Symphonies Nos 1-3; Prelude, Fugue and Riffs for Solo Clarinet and Jazz Ensemble
Nadine Sierra (soprano), Marie-Nicole Lemieux (mezzo-soprano), Dame Josephine Barstow (narrator), Alessandro Carbonare (clarinet), Beatrice Rana (piano); Coro e Orchestra dell’Accademia Nazionale di Santa Cecilia/Antonio Pappano
Warner Classics 9029566158 112:53 mins (2 discs)
It may have been tempting in Bernstein’s centenary year to bundle his symphonies into a box set; and Antonio Pappano and his Santa Cecilia forces, both with strong Bernstein connections, tackle their assignment with enthusiasm and care. What, though, of the listener? Even with best will towards America’s legendary composer-maestro, it’s hard to view his symphonic journey as anything other than the chart of a decline. He starts at his peak in 1944 with the Jeremiah: a young man’s music, fierily Jewish in the age of the Holocaust, cogent and affecting. More piano concerto than symphony, The Age of Anxiety, inspired by Auden’s poetic study of 1940s angst, dilutes the mix while inserting jazz and pretension. The jagged, windy, brow-beating Kaddish (1963), another interrogation of faith in the modern world, further shatters symphonic form, but to no good purpose. After that hell, one lands upon the simple jazz mischief of the Prelude, Fugue and Riffs with immense relief.

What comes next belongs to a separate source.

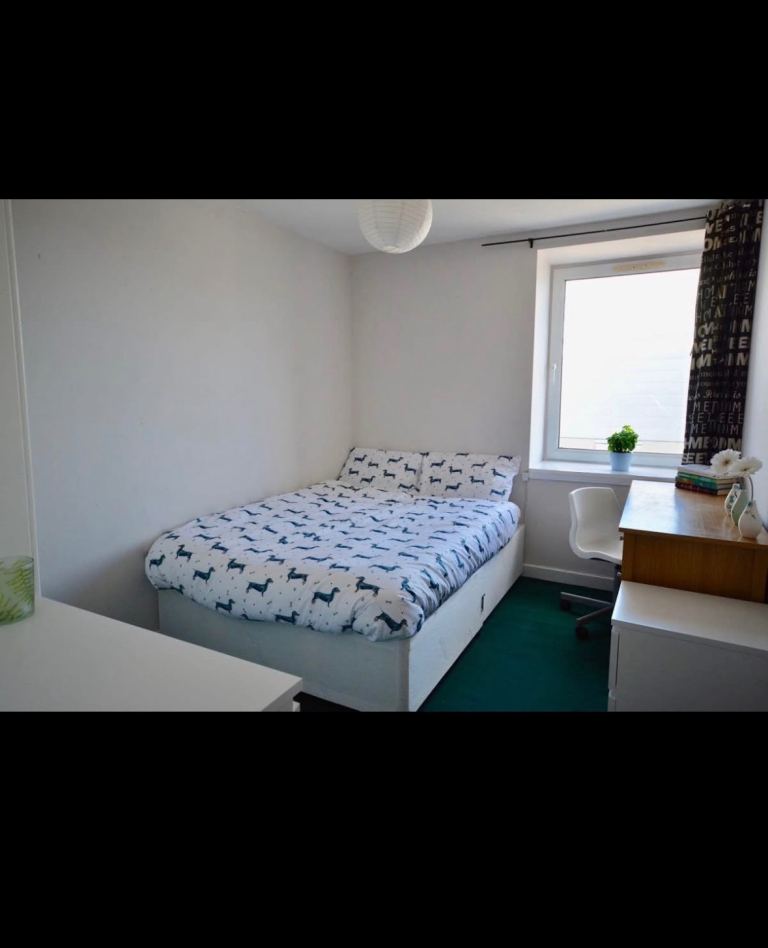 One bedroom for sharing in 3bedroom apartment.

The set’s considerable saving grace lies in the electric spark of Pappano’s live performances and the soloists’ star turns. Beatrice Rana glitters away at the piano as the observer of inner turmoil in Anxiety; Josephine Barstow makes an excellent fist of Bernstein’s often embarrassing Kaddish narration; while soprano Marie-Nicole Lemieux is all Hebrew soul (plus considerable vibrato) in Jeremiah. But the lynchpin remains Pappano, who enhances whatever is genuinely lyrical, tones down the bombast, and tries to ignore the bathos. Some balance issues in Anxiety aside, these must be the symphonies’ most accomplished recordings.